Stored items |
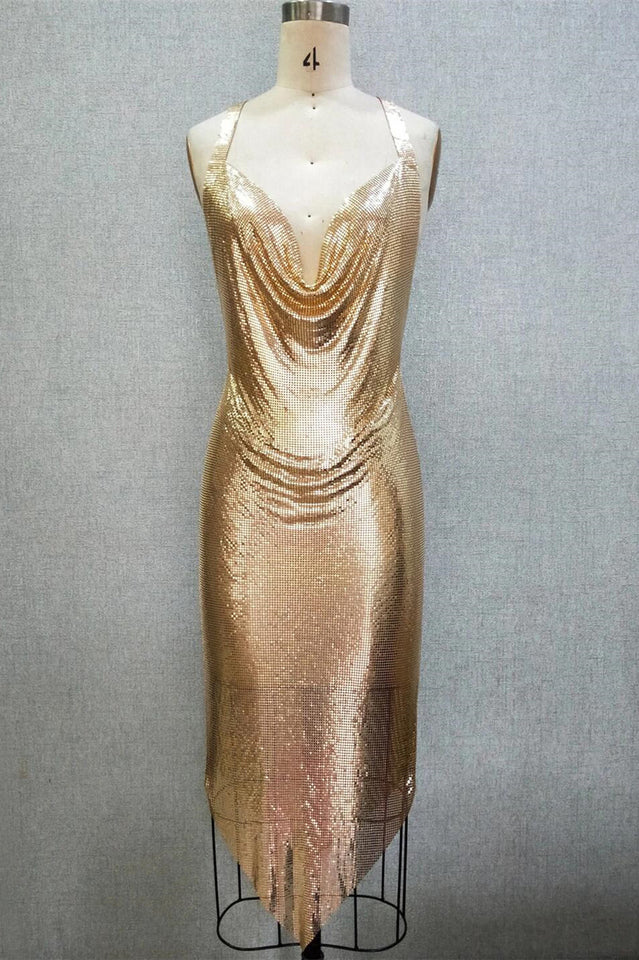 Metallic Backless Asymmetrical Midi Dress - Image 23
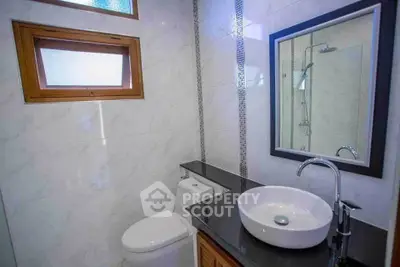 Modern bathroom with sleek fixtures and elegant design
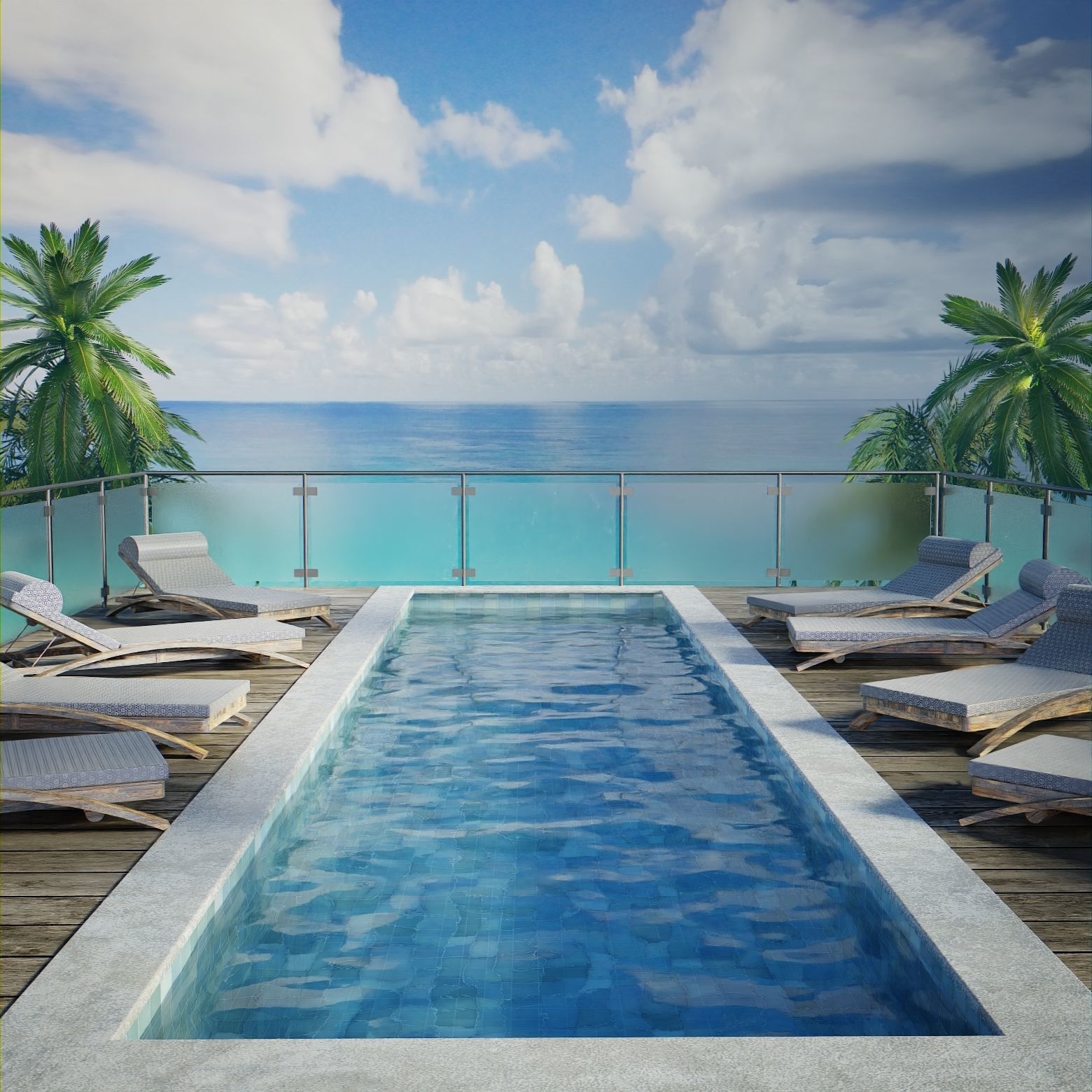 Sea View Low-poly 3D model_1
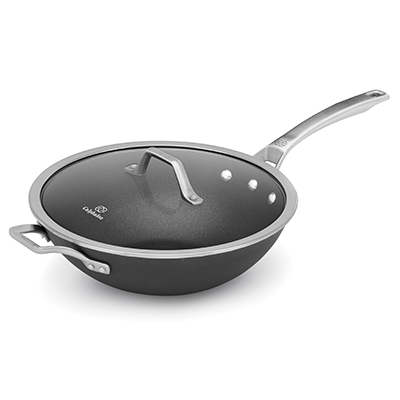 Calphalon signature hard anodized nonstick 12 inch flat-bottom wok with cover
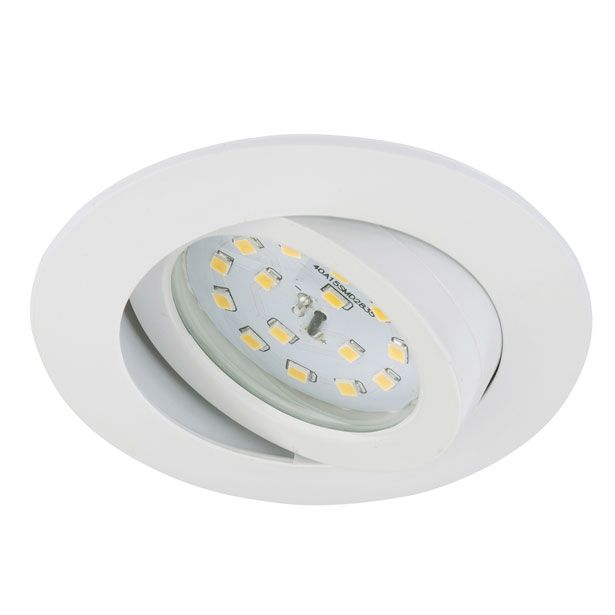 VGRADNA STROPNA SVETILKA PRISMA 1X5W LED,FI=82MM,GIBLJIVA BELA, OKR., IP23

WORK TASK |
When you reach the line containing "Calphalon signature hard" in the records above, write out that line and every line after it through the end, exactly, but omit the pictures.

TASK OUTPUT |
 Calphalon signature hard anodized nonstick 12 inch flat-bottom wok with cover
 VGRADNA STROPNA SVETILKA PRISMA 1X5W LED,FI=82MM,GIBLJIVA BELA, OKR., IP23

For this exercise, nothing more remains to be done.